“Zhamanak” says that Deputy Prime Minister Armen Gevorgian’s resignation has inevitably caused speculations about his ties to former President Robert Kocharian. “Gevorgian used to be considered Kochrian’s right-hand man and it was expected that after the latter’s departure Gevorgian will quit too,” explains the paper. “However, he has been part of the governments formed by Serzh Sarkisian and headed by both Tigran Sarkisian and Hovik Abrahamian. And his served as deputy prime minister. His work in the government has often been regarded as a factor of Kocharian’s influence. Therefore, his departure may be considered in the same context as a weakening of Kocharian’s influence.”
“On the other hand, Robert Kocharian is likely to actively participate in the next electoral circle, and Armen Gevorgian, being trustworthy and, in a sense, irreplaceable for him, is resigning from the current government to take part in the intra-government struggle with Kocharian and, if it proves to be successful, join a new government formed by him,” claims “Zhamanak.”
“It must be admitted that Armen Gevorgian was a good state official,” writes “Haykakan Zhamanak.” “Intelligent, educated and diligent.
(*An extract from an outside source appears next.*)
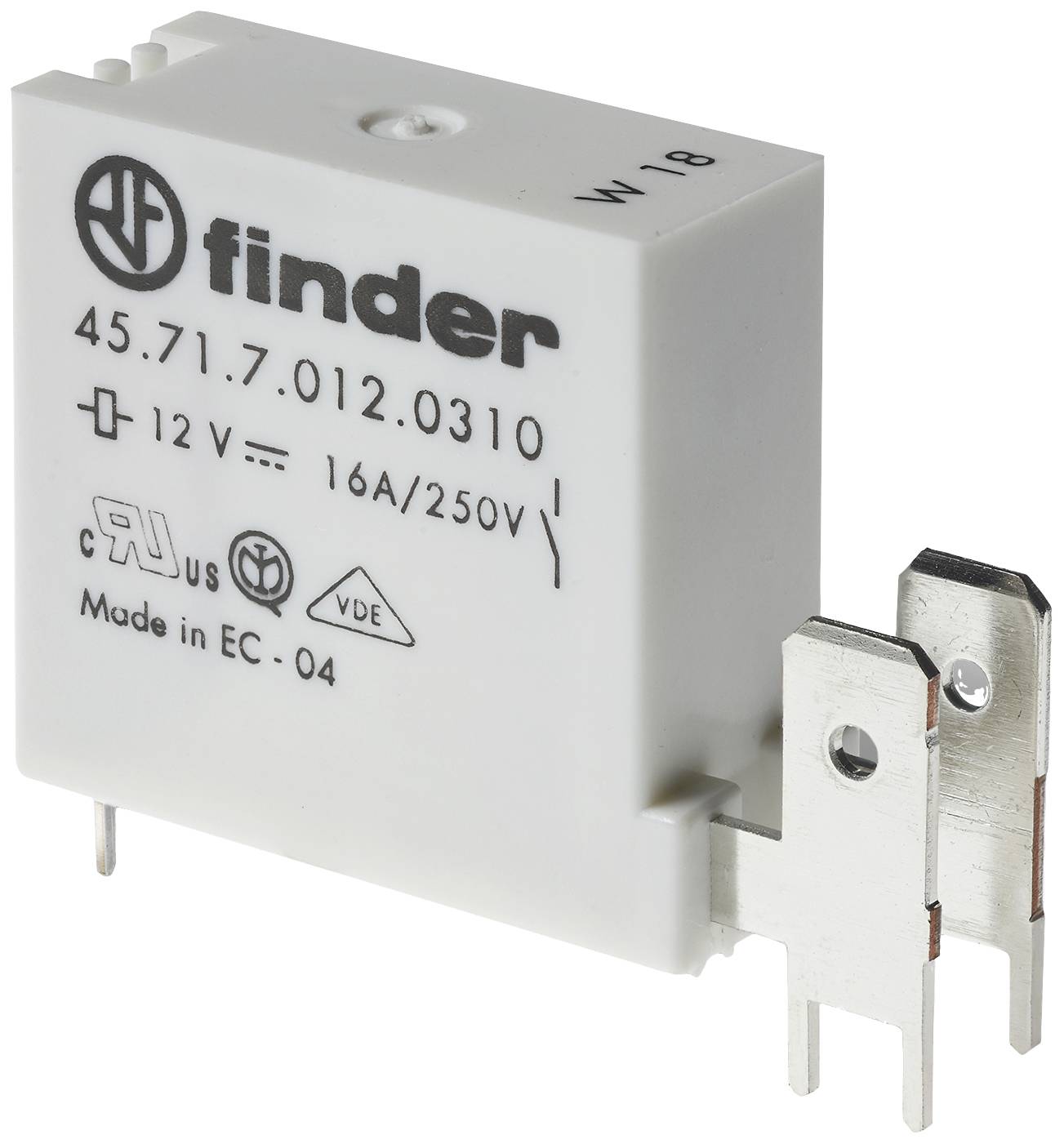 Witte relaisbox met aansluitingen aan de zijkant. Opschrift toont model '45.71.7.012.0310', spanning '12V', stroom '16A/250V'.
But he was only a functionary. He was not a political decision maker. He implemented political decisions.” The paper says Gevorgian would efficiently carry out even “monstrous” orders issued by his superiors. “In this sense, it is difficult to evaluate Gevorgian’s work because he helped to put into practice many monstrous decisions made by Robert Kocharian and Serzh Sarkisian,” it claims. “But Armen Gevorgian himself is not quite responsible for those decisions. This may sound absurd, but there are such individuals in any state.”
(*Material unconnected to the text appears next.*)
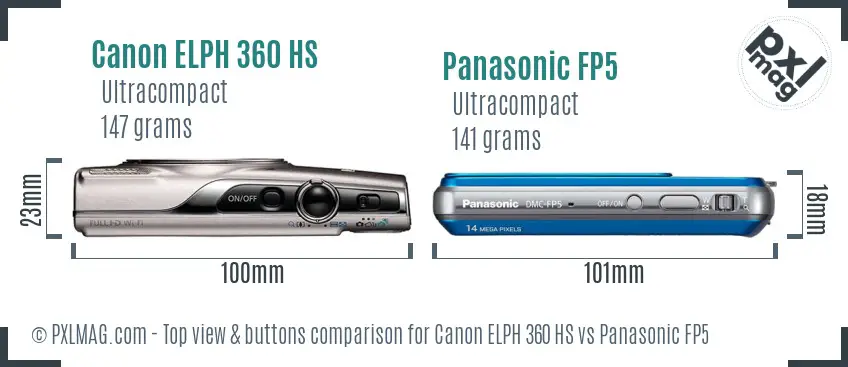 Canon ELPH 360 HS vs Panasonic FP5 top view buttons comparison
“Hraparak” says that the opposition Prosperous Armenia (BHK), Armenian National Congress (HAK) and Zharangutyun parties are awaiting “reasonable proposals” from Sarkisian ahead of their next rally slated for October 24. “This might explain the absence of a common political agenda in the trio and its announcement of the upcoming rally,” writes the paper. “It looks as though the authorities are in no rush to embark on negotiations with the troika -- more precisely, with its driving force, the BHK.” It says that Gagik Tsarukian’s party holds the key to the success of the opposition campaign.
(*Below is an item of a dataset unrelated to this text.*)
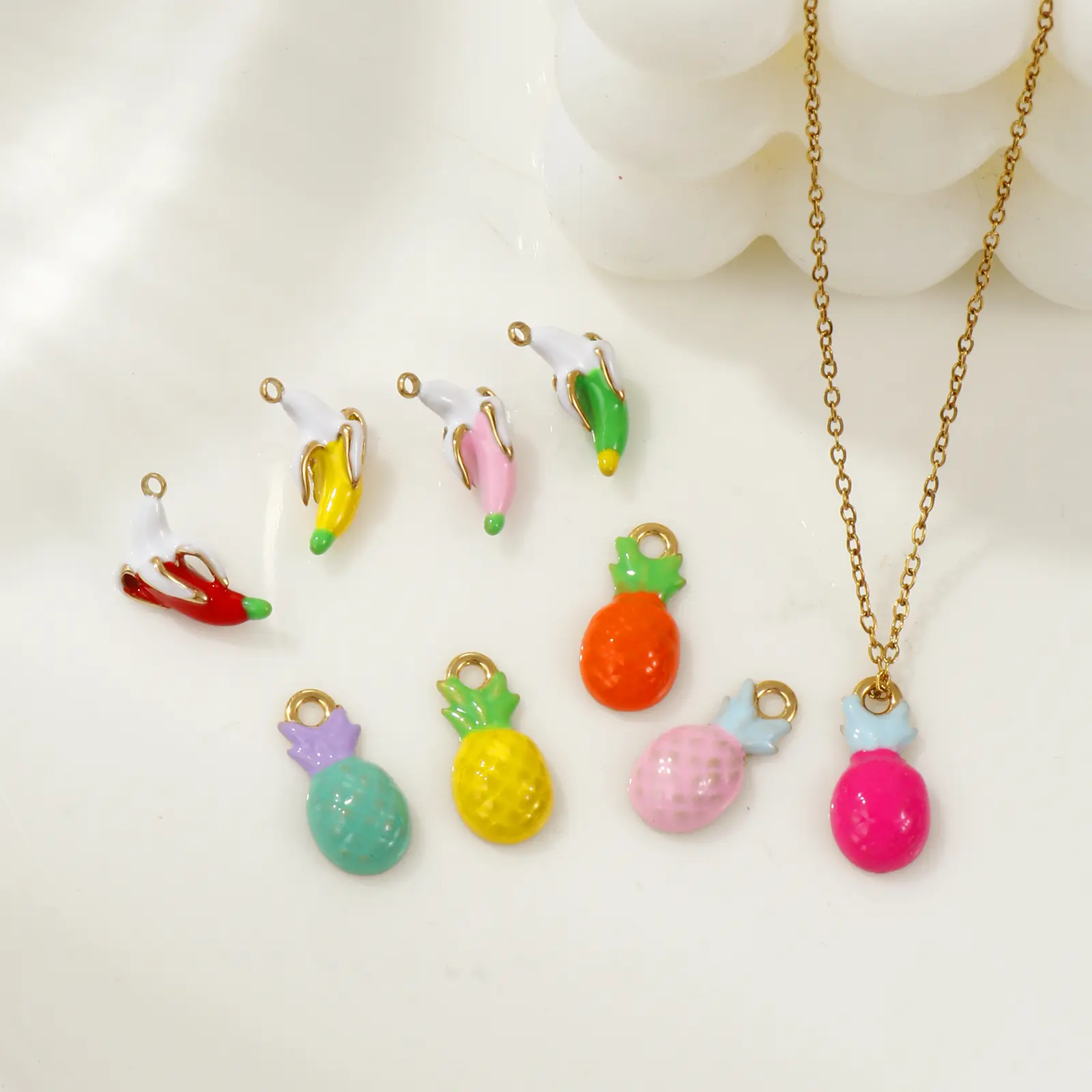 1 Piece 304 Stainless Steel Fruit Charms Enamel Pineapple Banana 18K Gold Plated Pendant For DIY Necklace Jewelry Making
“Hayots Ashkhar” says that the Azerbaijani government’s latest statements about an imminent progress in the Nagorno-Karabakh peace process are a “propaganda attack” coming ahead of the Armenian-Azerbaijani summit in Paris expected on October 27. Azerbaijani Foreign Minister Elmar Mammadyarov said on Thursday that Baku is ready to negotiate a comprehensive peace accord with the Armenians. In fact, the paper claims, Ilham Aliyev’s regime “has no desire to achieve mutual compromise.”